Given four integers N, L, R and Rem. I have to find the the number of values between L and R(inclusive) that gives remainder Rem when divided by N.

For example: If N = 3, L = 2, R = 10 and Rem = 1 then the numbers with remainder 1 when divided by 3 in this range are {4, 7, 10}. So, the answer is 3.

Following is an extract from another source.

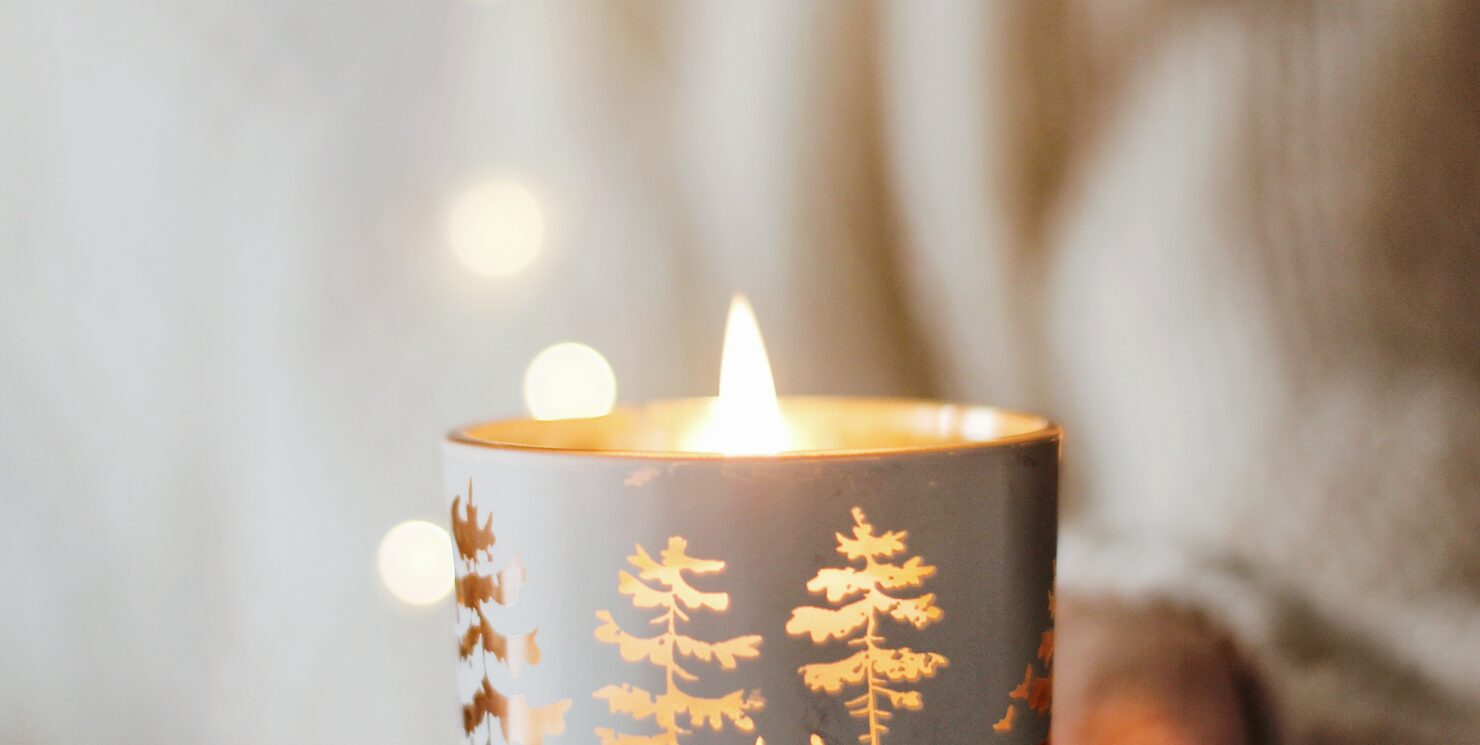 Julegaveideer til søster | Find årets bedste julegave til din søster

Here is the brute force approach I coded:

int main() {
    int N, L, R, Rem;
    cin >> N >> L >> R >> Rem;

    int Ans = 0;
    for (int i = L; i <= R; i++) {
        if (i % N == Rem)
            Ans++;
    }
    cout << Ans << endl;
}

What would be a better approach to solve this problem?

Answer 1

TLDR it is roughly (R-L+1)/N give or take +- 1

for instance L=2 R=10 N=3 REM=0

the numbers are 3,6,9 (R-L+1)/N = (10-2+1)/3 = 9/3 = 3

here's an accurate solution with explanation, that requires no loops

find the first number greater or equals to L that divides nicely by N

L = (L % N == rem)? L : L + (REM - L%N + N)%N

find the last number smaller or equals to R that divides nicely by N

R = (R % N == rem)? R : R - (N - (REM - R%N + N)%N)

the result is

int result = ((R-L)/N) + 1

Answer 2

Solution: The answer is floor((R-Rem)/N)-ceil((L-Rem)/N)+1 where ceil(a/b)=(a+b-1)/b floor(a/b) = a/b Assuming a and b are positive here. It does not work for negative numbers though.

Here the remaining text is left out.